*ACTIVITY*
Output the records below in full, word for word; pictures do not belong in it.

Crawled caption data
--------------------------------------------------

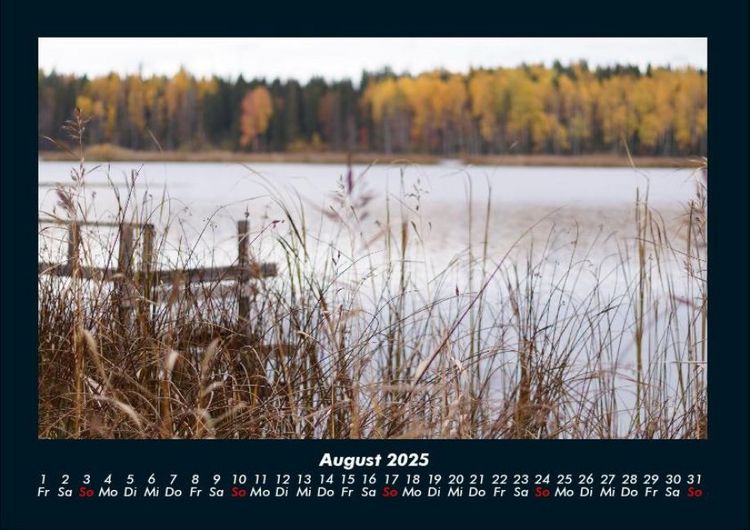 Produktbild: Seeblick 2025 Fotokalender DIN A4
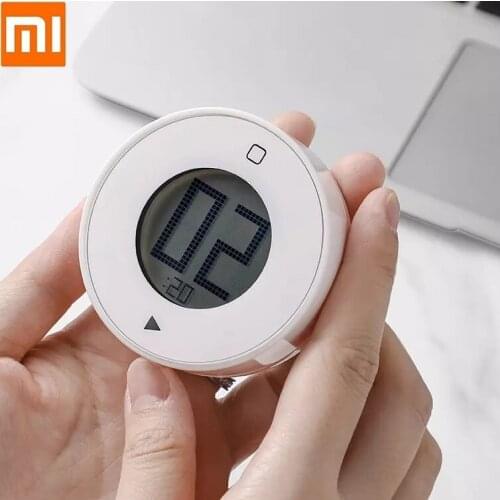 Magnetic suction electronic timer kitchen household LCD Digital Screen timer learning Alarm Countdown Timing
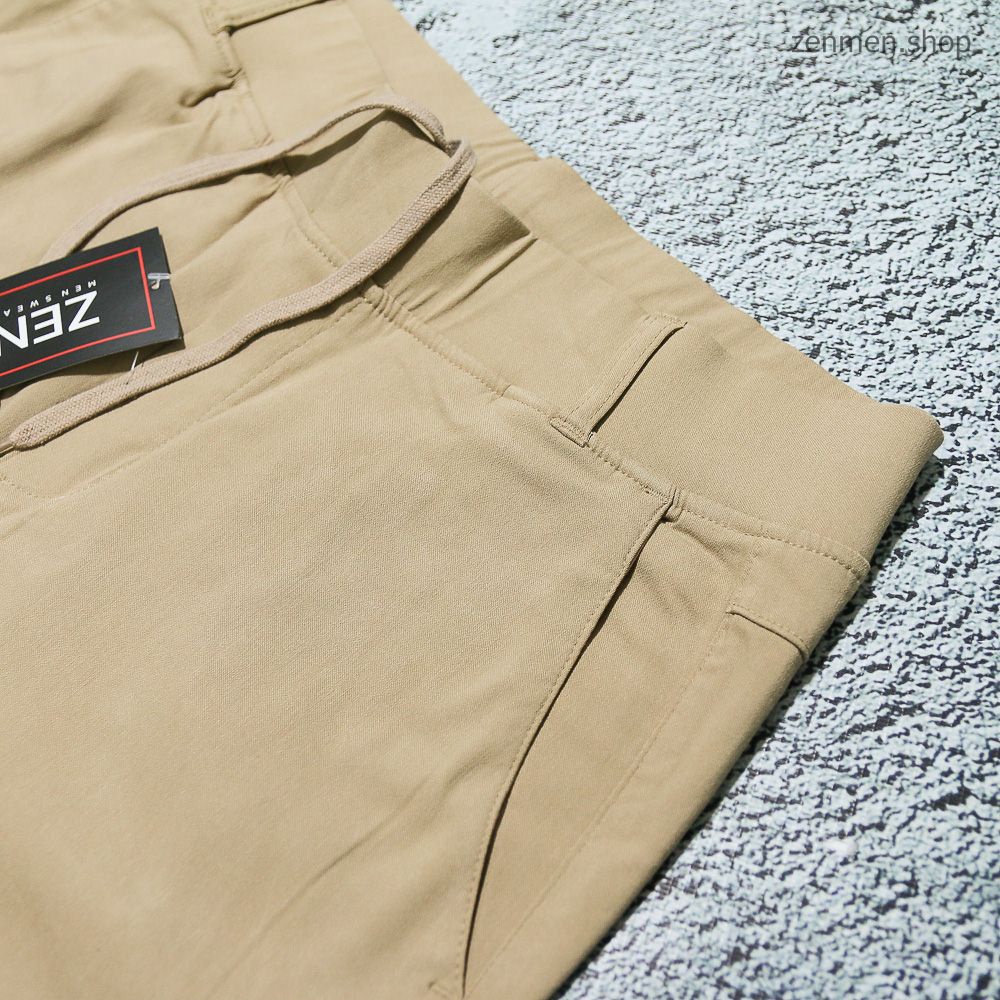 Quần Tây Thun Nam Xuất Hàn Dáng SlimFit Co Dãn Nhiều
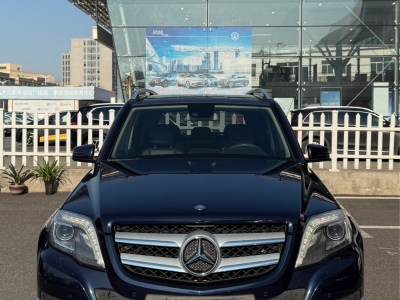 2013年04月 奔馳 奔馳GLK級 改款 GLK 300 4MATIC 時(shí)尚型圖片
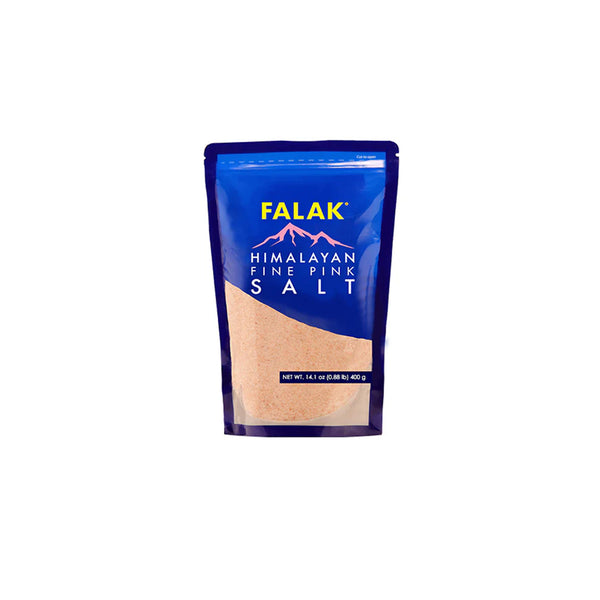 Falak Himalayan Fine Pink Salt Pouch 400gm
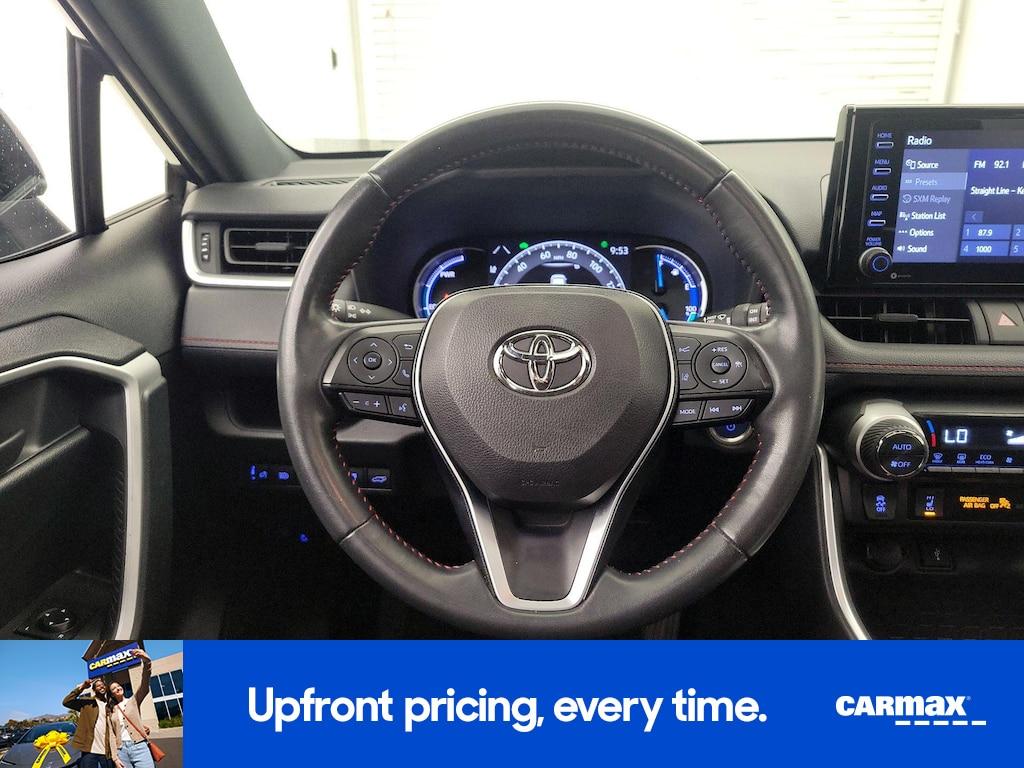 used 2021 Toyota RAV4 Prime car, priced at $36,998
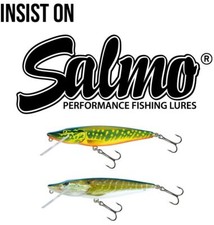 Salmo Floating Pike Crankbait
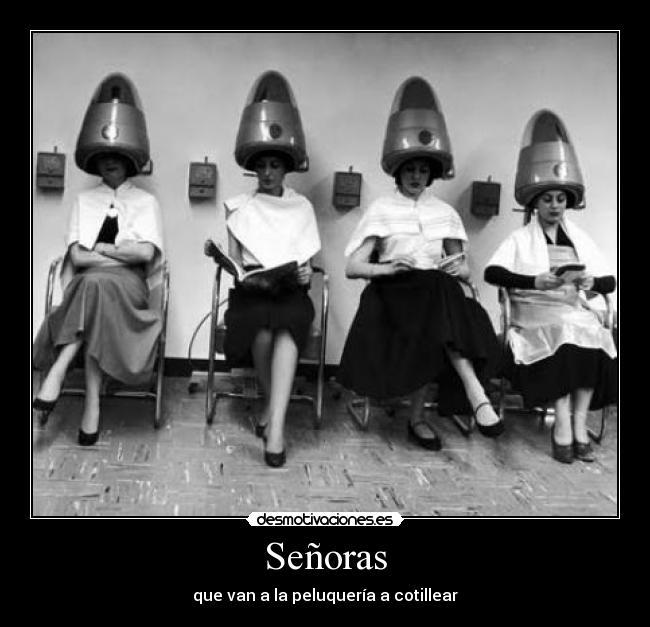 Señoras -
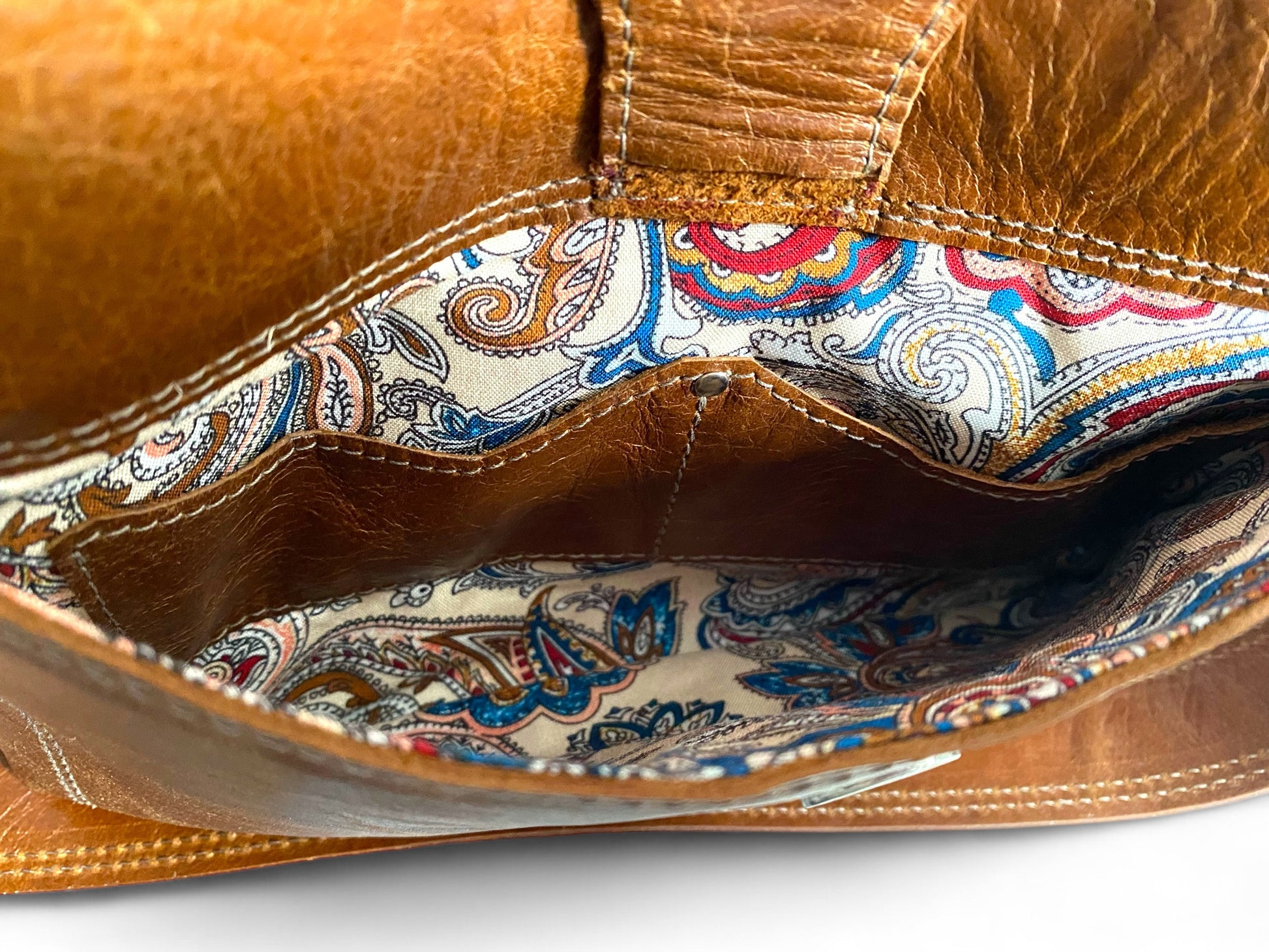 Swift Grande | Chestnut Brown Leather Shoulder Bag | Handcrafted Handbag image 10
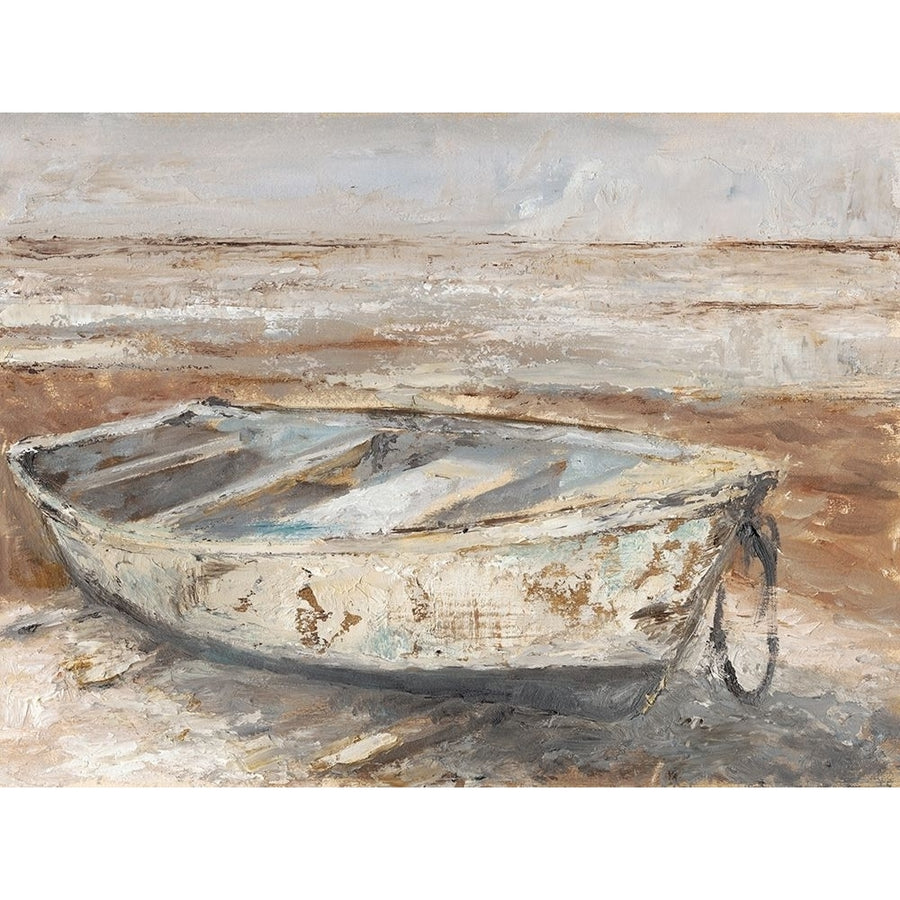 Weathered Rowboat I Poster Print - Ethan Harper-VARPDX114079FN Image 1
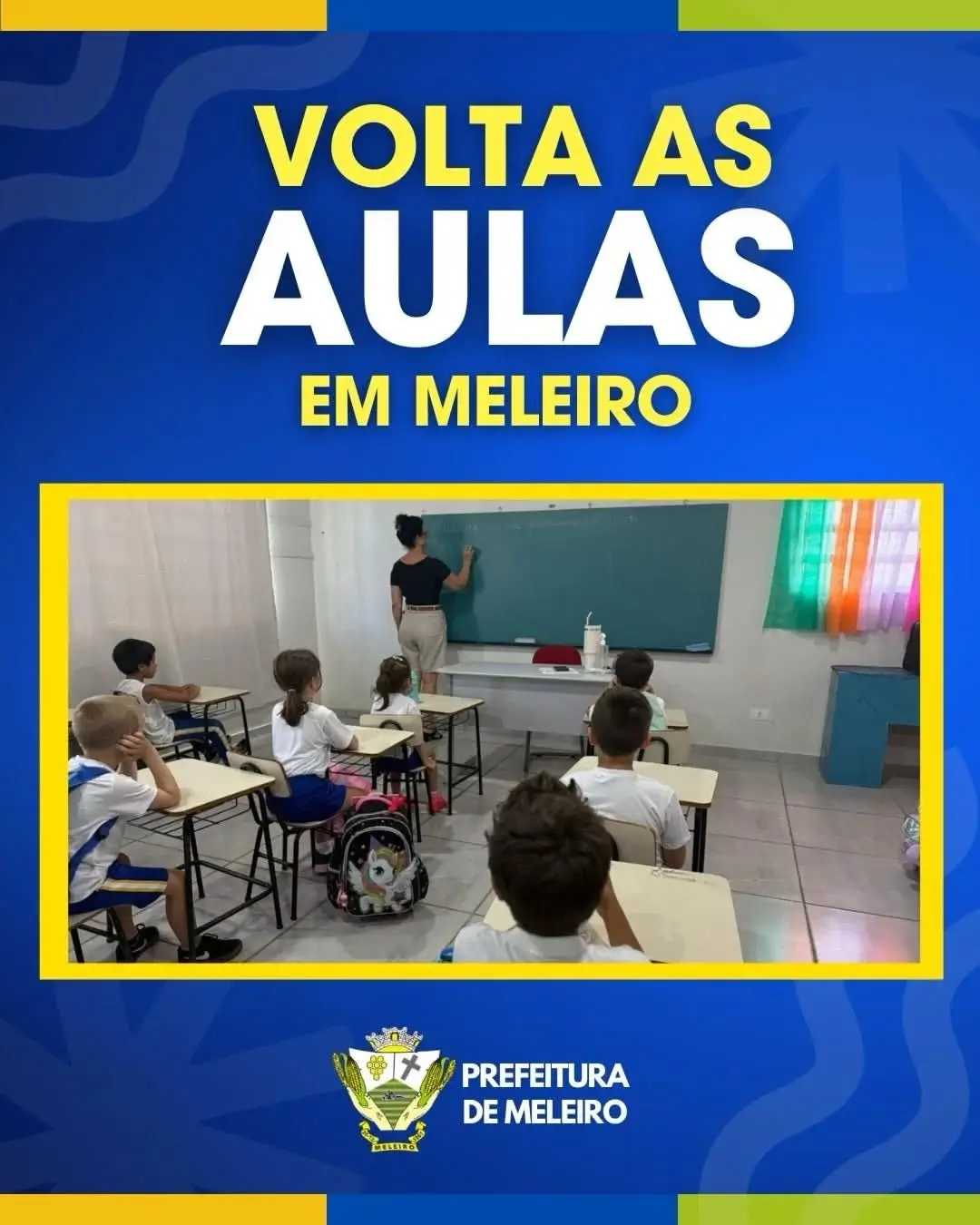 Meleiro Retoma Aulas na Rede Municipal Beneficiando 1.100 Alunos
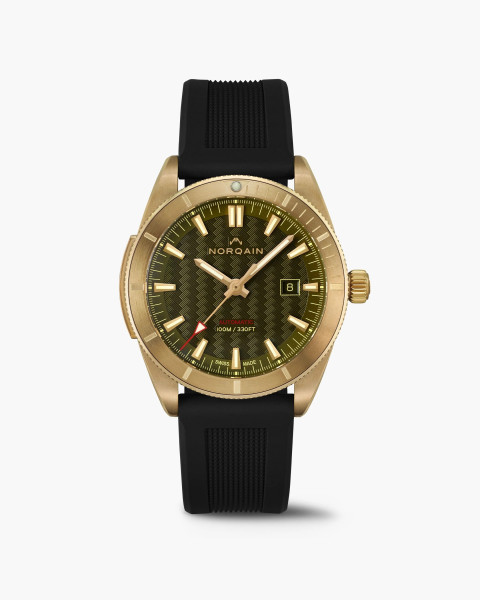 norqain-n1000-08z01-e01-front-classicwatches.bg – Часовник NORQAIN Adventure Sport 42mm N1000.08Z01.E01 бронзов корпус и хаки циферблат – classicwatches.bg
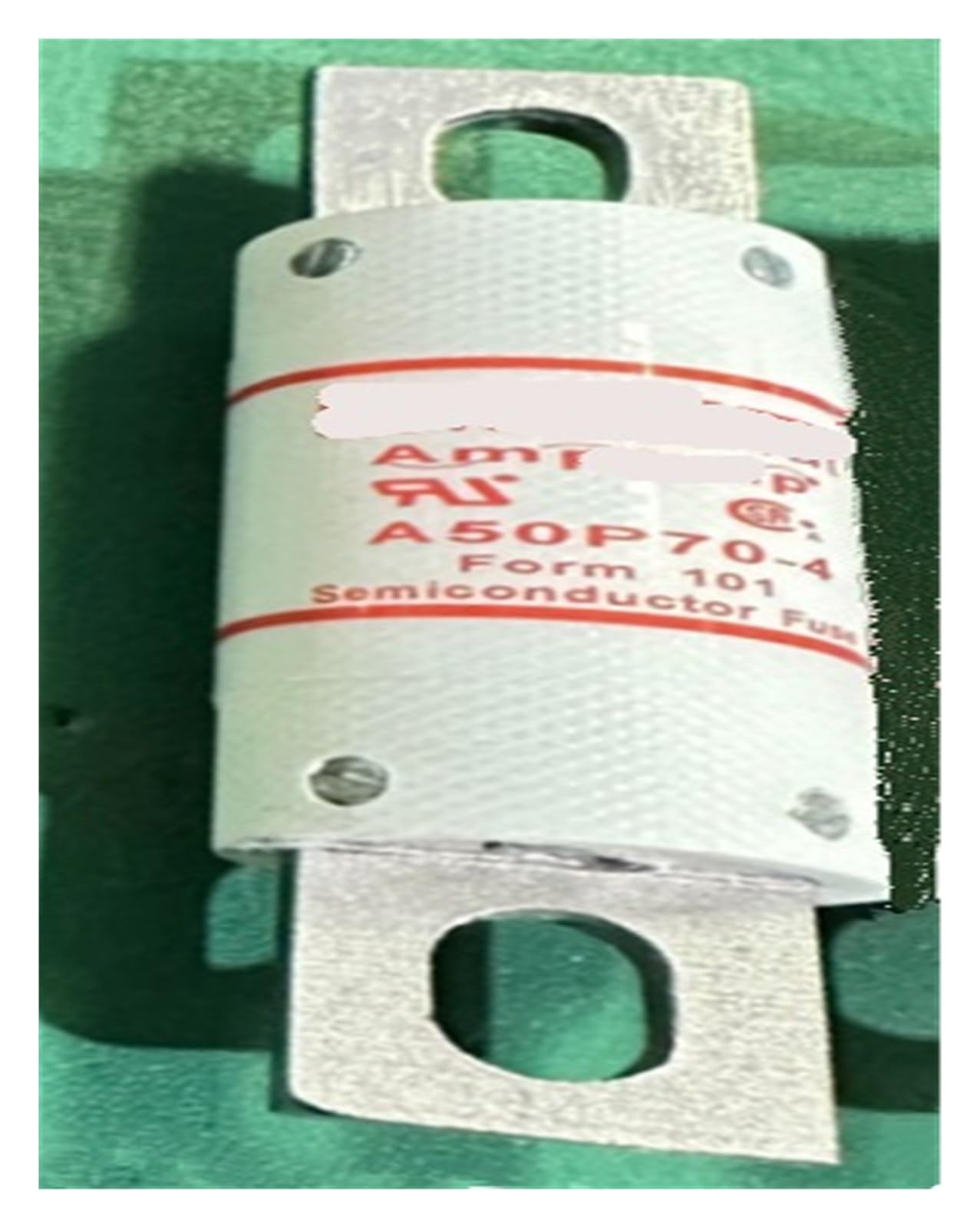 Fusibles haute tension A50P200-4 pour stopper les courts-circuits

--------------------------------------------------

*ANSWER BELOW*
 Produktbild: Seeblick 2025 Fotokalender DIN A4
 Magnetic suction electronic timer kitchen household LCD Digital Screen timer learning Alarm Countdown Timing
 Quần Tây Thun Nam Xuất Hàn Dáng SlimFit Co Dãn Nhiều
 2013年04月 奔馳 奔馳GLK級 改款 GLK 300 4MATIC 時(shí)尚型圖片
 Falak Himalayan Fine Pink Salt Pouch 400gm
 used 2021 Toyota RAV4 Prime car, priced at $36,998
 Salmo Floating Pike Crankbait
 Señoras -
 Swift Grande | Chestnut Brown Leather Shoulder Bag | Handcrafted Handbag image 10
 Weathered Rowboat I Poster Print - Ethan Harper-VARPDX114079FN Image 1
 Meleiro Retoma Aulas na Rede Municipal Beneficiando 1.100 Alunos
 norqain-n1000-08z01-e01-front-classicwatches.bg – Часовник NORQAIN Adventure Sport 42mm N1000.08Z01.E01 бронзов корпус и хаки циферблат – classicwatches.bg
 Fusibles haute tension A50P200-4 pour stopper les courts-circuits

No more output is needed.